That's not very convenient. We have to write (lambda (x) (* x x)) each time we want to apply the operation to a number. If we only need to use the function once or twice, we may be happy to do so. But if we'd like to use it more often, we can assign a name to the value returned by the lambda expression:

(define square
  (lambda (x)
    (* x x)))

This says that we want to associate the name square with a function value. Note that there is no difference between giving a name to a data object such as the number 5 and giving a name to a function object. Functions are data objects!

Having defined square, we use it just as we would any Racket function:

> (square 7)
> (square (+ 3 3))
> (+ 5 (square 3))

The second example shows that the argument to our function can be any expression, just like any other operator. The third example shows an expression returning a value that is used as the argument to a function. Notice that there is no difference in the way built-in operators and user-defined operators are used or applied. This simple syntax is one of the things that makes Racket such a powerful language.

We can also use square to define other functions. For example, x² + y² can be expressed as (+ (square x) (square y)). We can define a function, sum-of-squares, that takes any two numbers as arguments and produces the sum of their squares:

(define sum-of-squares
  (lambda (x y)
    (+ (square x) (square y))))

The function sum-of-squares calls the function square twice, once for each of its parameters, x and y, and returns the sum of the results. Having defined sum-of-squares, we can use it just like square or any other function.

Note that using the formal parameter name x in both procedures does not create a conflict, because each function evaluation takes place in its own context, where x is bound to a specific value. This is no different from using the same parameter name in two Java methods or in two Python functions.

It should be clear to you why named functions are so powerful: they allow us to hide details and solve problems at a higher level of abstraction.

Just to make sure that the notion of functions is clear, take a look at another example:

> (define radius 5)
> (define pi 3.14159)
> (define circumference (* 2 pi radius))
> circumference
> (define circumference
    (lambda (radius)
      (* 2 pi radius)))
> (circumference 6)
> (circumference 5)
> (circumference radius)

Do some practice on your own with these exercises that I designed just for you!

And in case you think lambda is peculiar to Racket: it's not.

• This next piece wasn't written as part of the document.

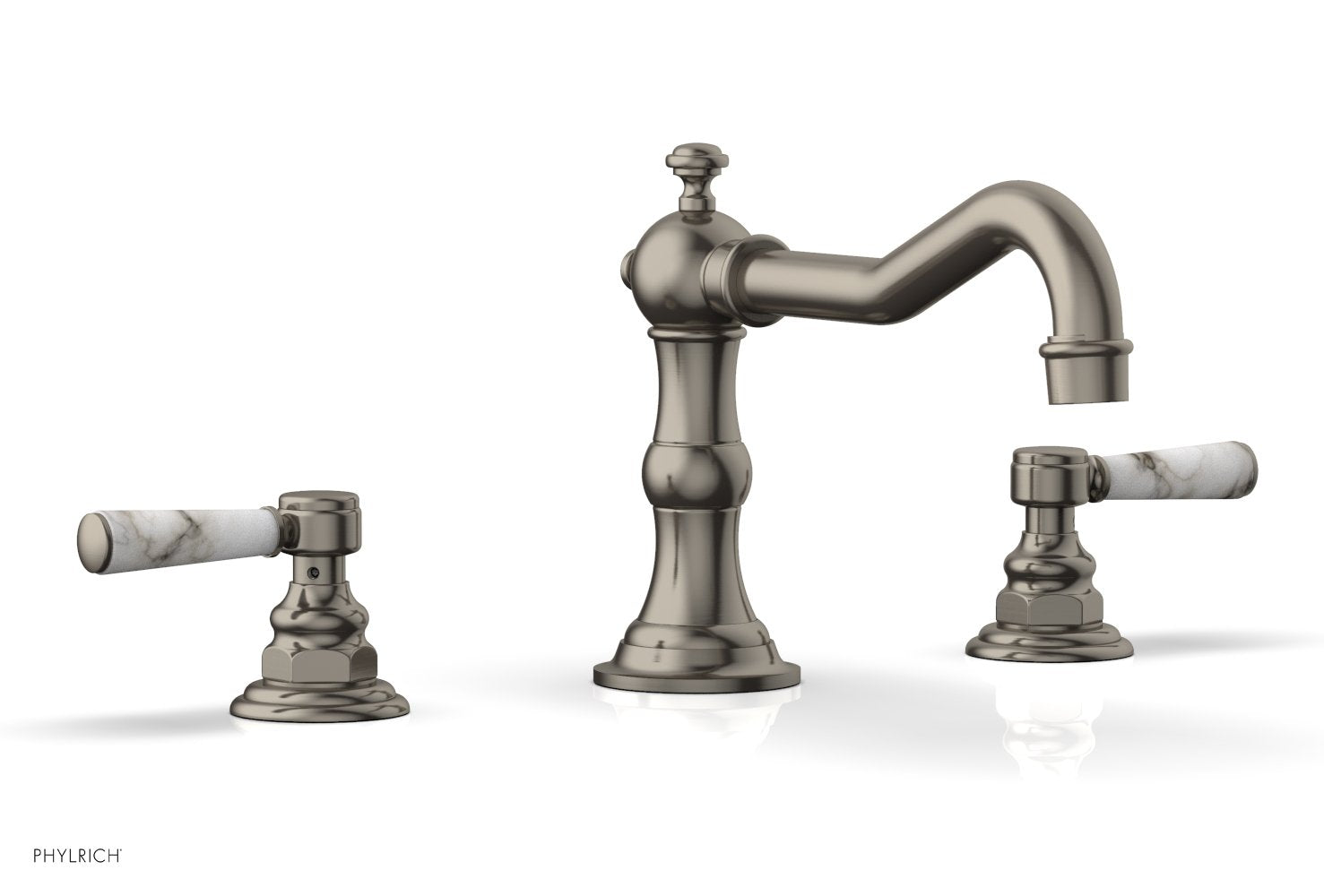 Phylrich HENRI Deck Tub Set - White Marble Lever Handles by Phylrich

Python has lambda, too. And, in 2021, Microsoft added lambda to Excel! — with a slightly different syntax: =LAMBDA( X, Y, SQRT( X*X+Y*Y ) )

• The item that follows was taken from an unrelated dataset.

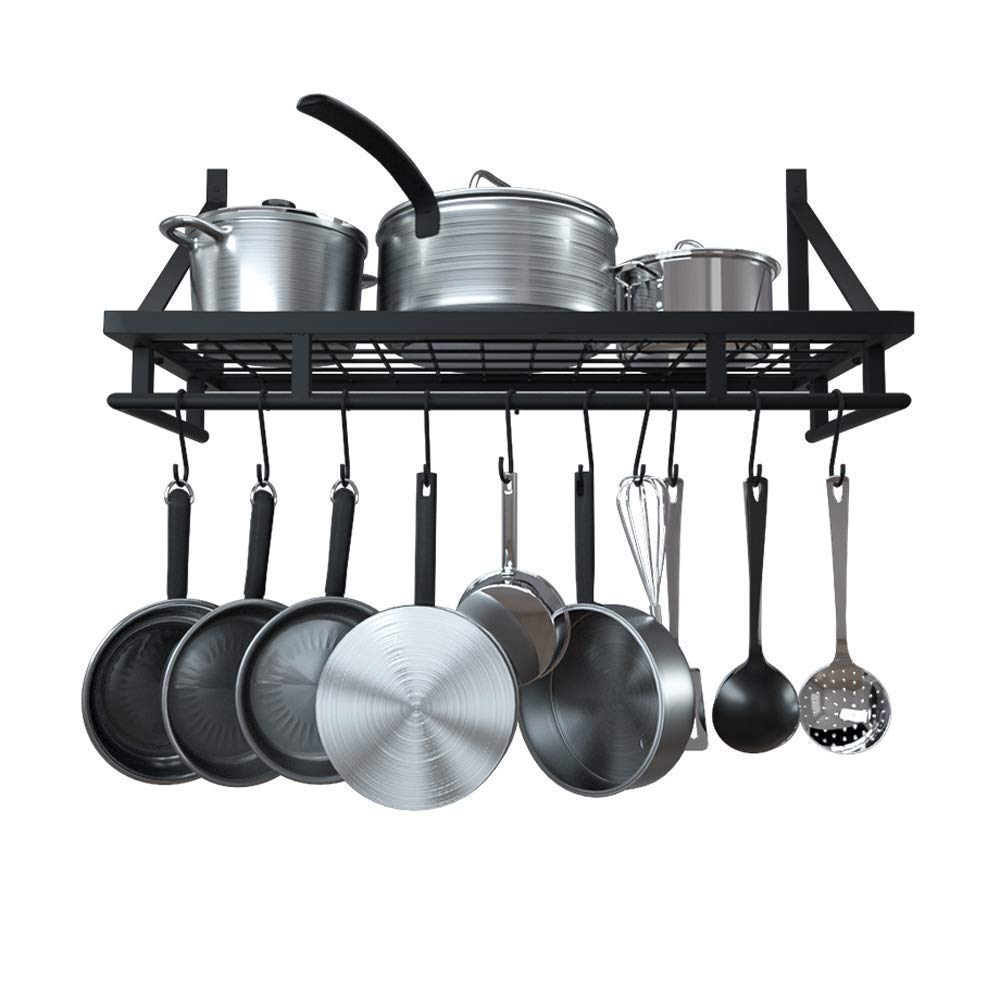Hanging Pot Rack Hooks Kitchen Ceiling Hanger Storage ...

Functions Are First Class Objects

At this point, have we learned much new? You learned some Racket syntax, but you already have a decent understanding of functions from other languages. Perhaps the most surprising thing we've seen thus far is that we name functions in Racket the same way we name any other value. That feature hints that there is something more going on.

We say that a data object is first class when it is treated by the language in the same way that all other data objects are treated. We have now seen a couple of ways that functions are treated like other objects: we can use them as literal values, and we can name them in the same way we name any other data object.

In Racket, as in most languages you know, data values such as numbers and strings can be passed to functions as arguments and returned from functions as answers. In order for functions to be first class data values, we must be able to pass a function as an argument and be able to return a function as the value of applying a function. In Racket, we can. Furthermore, doing these things is a big part of the functional programming style.

First, let's consider passing one function as an argument to another function. Racket provides several primitive functions that expect function arguments. We can also write our own functions that take functions as arguments.

Functions as Arguments: apply

Suppose that you would like to add up a list a values. Easy, right?

> (+ 1 2 3 4 5)

But what if you don't know what the list of values is? Perhaps another function defines the list for us, or computes the list as its result.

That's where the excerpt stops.